During the Olympics, Korbut was one of the favorites for the all-around after her dynamic performance in the team competition; however, she missed her mount on bars three times and the title went to teammate Ludmilla Tourischeva. That said, Korbut won three gold medals for the balance beam, floor exercise, and team competitions. In one of the most controversial finishes of all time, she took a silver medal in the uneven bars. Korbut's first attempt at her uneven bars routine was marred by several mistakes which all but ended her chances of winning a gold medal in the all-around. The next day, Korbut repeated the same routine in the event finals, although this time successfully. After the boards displayed a score of 9.8, the audience began to whistle and shout vulgar remarks at the judges in disapproval, believing her score to be too low. This carried on for several minutes but the judges refused to change their score.
 

Korbut is most famous for her uneven bars and balance beam routines, as well as her charismatic performances that captivated audiences. In 1973, she won the Russian and World Student (i.e., University) Games, and a silver medal in the all-around at the European Championships.

At the 1976 Summer Olympics in Montreal, Soviet coaches and officials had designated Korbut as the woman who could beat the Romanian prodigy, Nadia Comăneci, but Korbut was injured and her performances in the games were sub-par. She was overshadowed not only by Comăneci, but also by her own teammate Nellie Kim.

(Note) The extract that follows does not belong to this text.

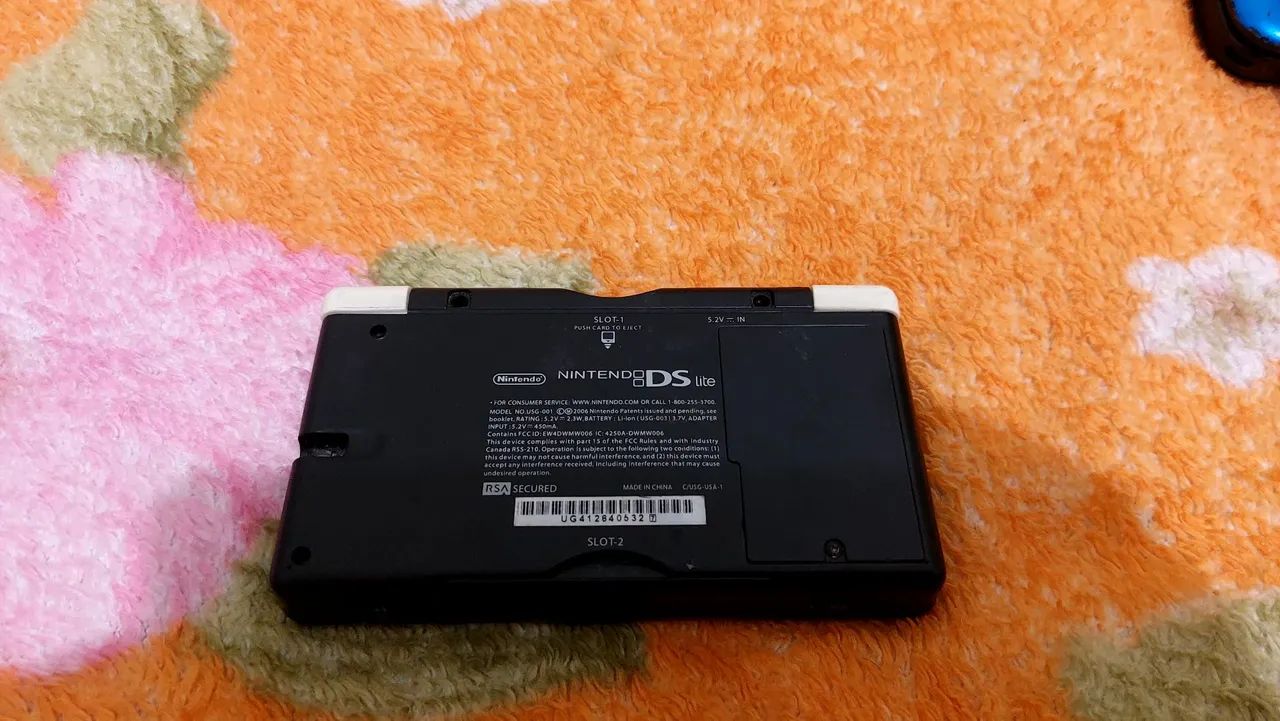 Nintendo DS Lite - Foto 3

She did collect a team gold medal, and an individual silver medal for the balance beam.

Retirement and life after the Olympics

Korbut graduated from the Grodno Pedagogical Institute in 1977, became a teacher, and retired from gymnastic competition thereafter. She married Leonid Bortkevich, who was a member of Belarusian folk band Pesniary. The couple had a son, Richard, born in 1979. In 1988 Korbut was the first gymnast to be inducted into the International Gymnastics Hall of Fame.

In 1991, she and her family immigrated to the United States, because they were worried about the effects of fallout from the Chernobyl disaster on Belarus. They settled in New Jersey, where she taught gymnastics. They moved to Georgia, USA two years later where she continued to coach. Korbut and Bortkevich divorced in 2000; she became a naturalized U.S. citizen the same year. In 2002 Korbut moved to Scottsdale, Arizona, to become head coach at Scottsdale Gymnastics and Cheerleading.  Korbut faced Darva Conger on an episode of Celebrity Boxing which aired on 22 May 2002. Conger won by unanimous decision. Korbut lives in Scottsdale, Arizona. She now works with private gymnastics pupils and does motivational speaking.

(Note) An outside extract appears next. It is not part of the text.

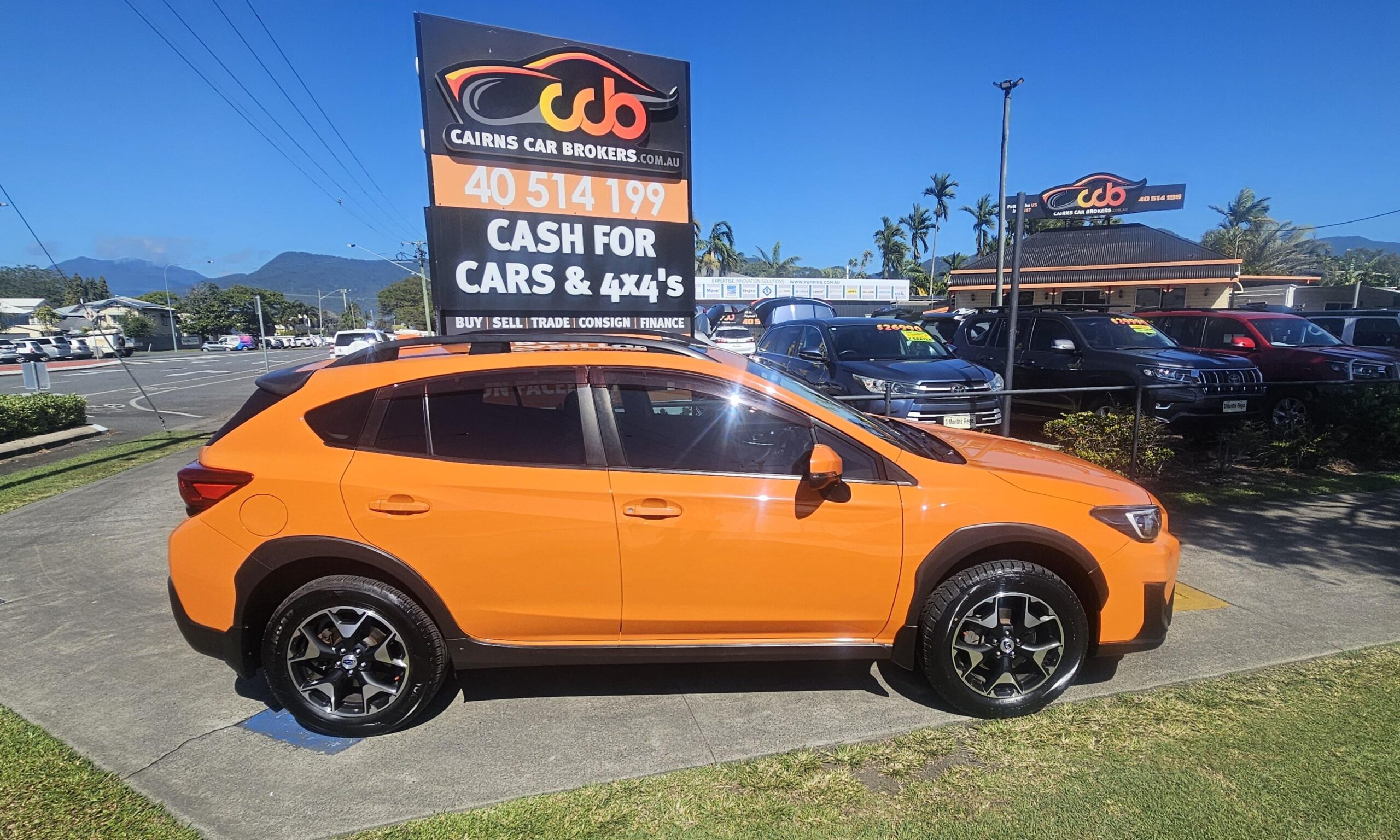 Subaru XV 2.0i Premium Wagon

Korbut travelled to London for the 2012 Summer Olympics. She watched the gymnastics competitions in the North Greenwich Arena, providing commentary by way of Twitter and Facebook. During the Olympics the Royal Opera House hosted an exhibit it created with the Olympic Museum in Lausanne, Switzerland, titled The Olympic Journey, The Story of the Games. As well as historical artifacts, the exhibit featured the personal stories of 16 Olympic medallists, including Korbut. Korbut celebrated the 40th anniversary of her Olympic victories with an appearance at the exhibition on 3 August. She said "I didn't even expect this. I am so honored to be here."

In 2017, Korbut sold her 1972 and 1976 Olympic medals amongst 32 lots (including two golds and a silver from the Munich Olympics) which fetched $333,500 at Heritage Auctions.

In 1999, she spoke out about alleged sexual assault and rape she suffered at the hands of her coach, Renald Knysh, which he denied. Korbut stated, "The truth was that many of the gymnasts were not just sport machines but sexual slaves to their trainer. We were not just potential gymnasts but future concubines for himself." Later in 2018, Korbut appeared in a TV show in which she again spoke out about several incidents in which she alleged that her coach sexually assaulted her. As a result of Korbut speaking out publicly, several other gymnasts who had also trained under Knysh spoke of similar incidents to Korbut's allegations.

Legacy

Korbut, who has won four Olympic gold medals, is best known for her move, the Korbut flip, a backflip performed on the uneven parallel bars, starting from a standing position on the high bar and then catching the same bar from below on the under swing. She also achieved the flip on the 4" balance bar onto the straddle position and later the flip landing on her feet. Named after Korbut since she was the first to perform the skill at an international competition in 1972, the move has since been made illegal in the Olympic Code of Points.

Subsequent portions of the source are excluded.